YOUR INSTRUCTIONS. The data below is to be written out exactly, with no pictures.

PROVIDED MATERIAL.
┌──

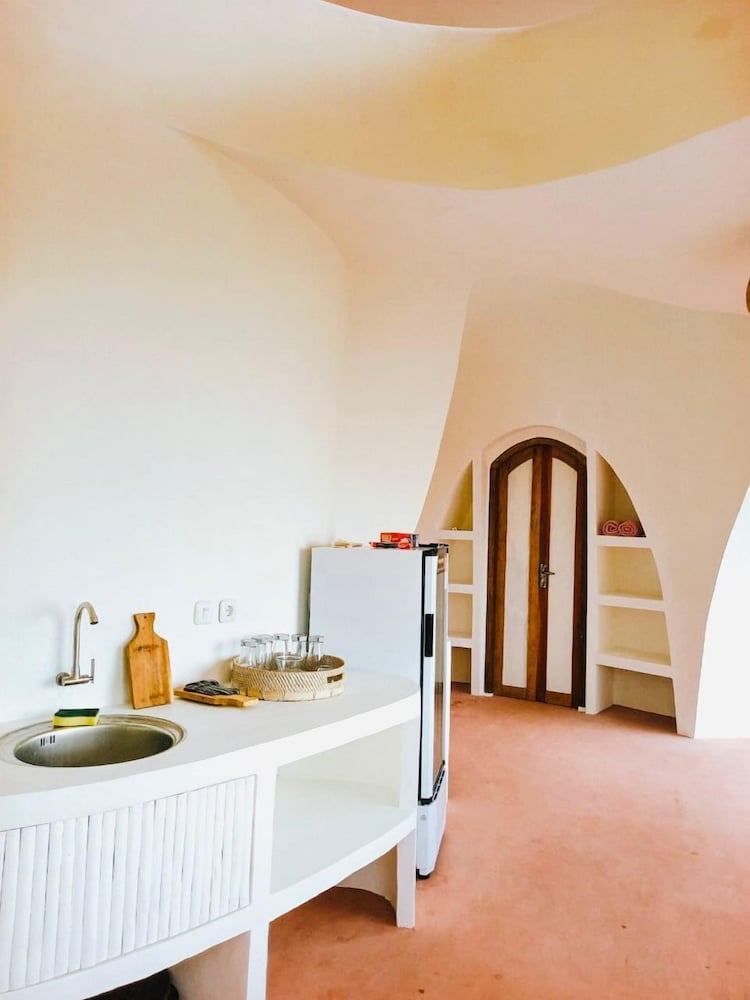 Mentigibay Dome Villa Lombok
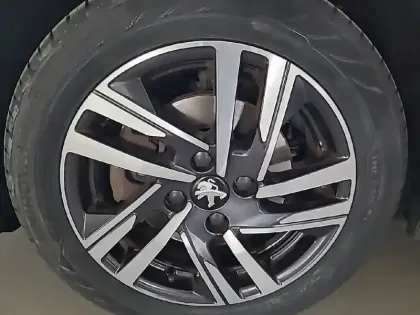 Photo 35 Peugeot 208  PureTech 100 S&S BVM6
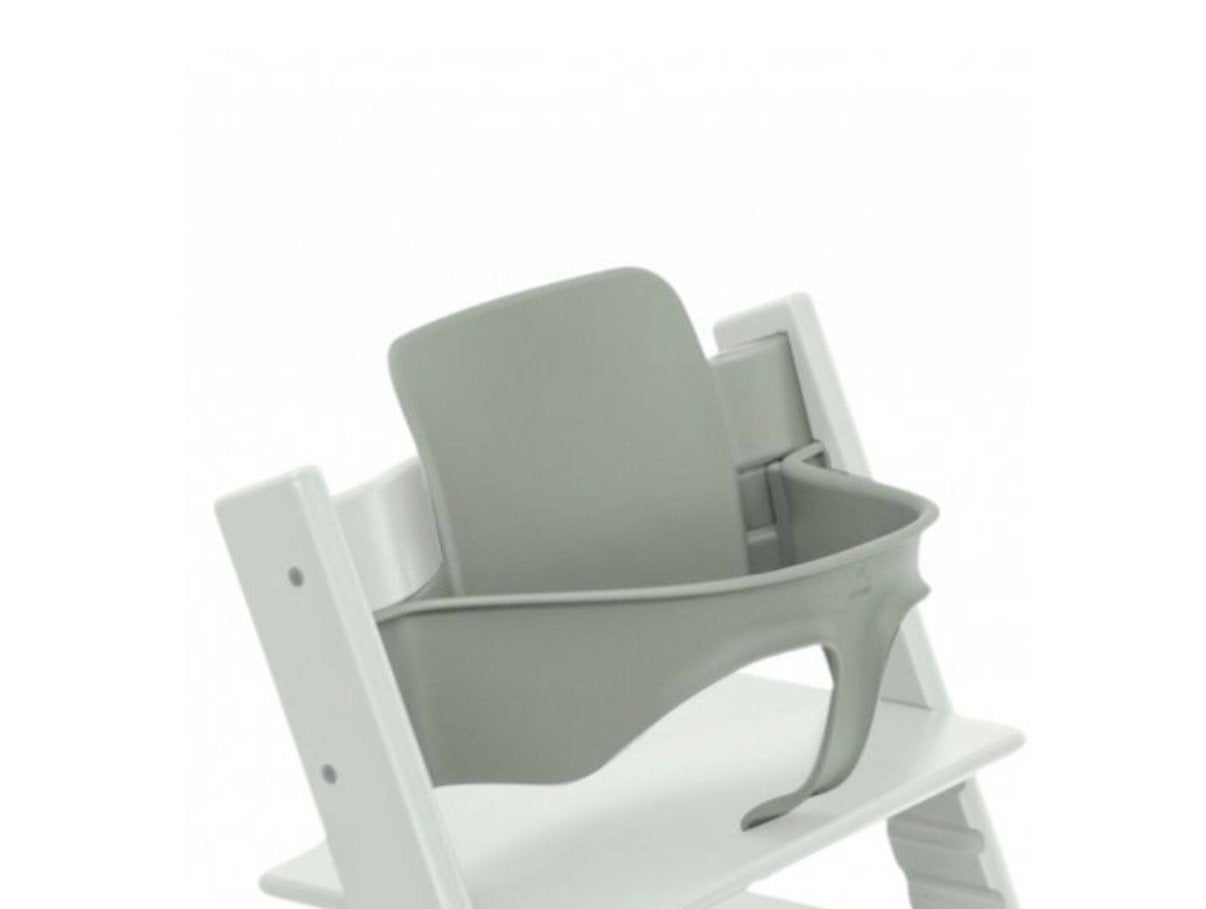 Tripp Trapp baby set - moss green + gratis Stokke harness, Kinderen en Baby's, Kinderstoelen, Ophalen of Verzenden, Zo goed als nieuw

└──

FINAL ANSWER.
 Mentigibay Dome Villa Lombok
 Photo 35 Peugeot 208  PureTech 100 S&S BVM6
 Tripp Trapp baby set - moss green + gratis Stokke harness, Kinderen en Baby's, Kinderstoelen, Ophalen of Verzenden, Zo goed als nieuw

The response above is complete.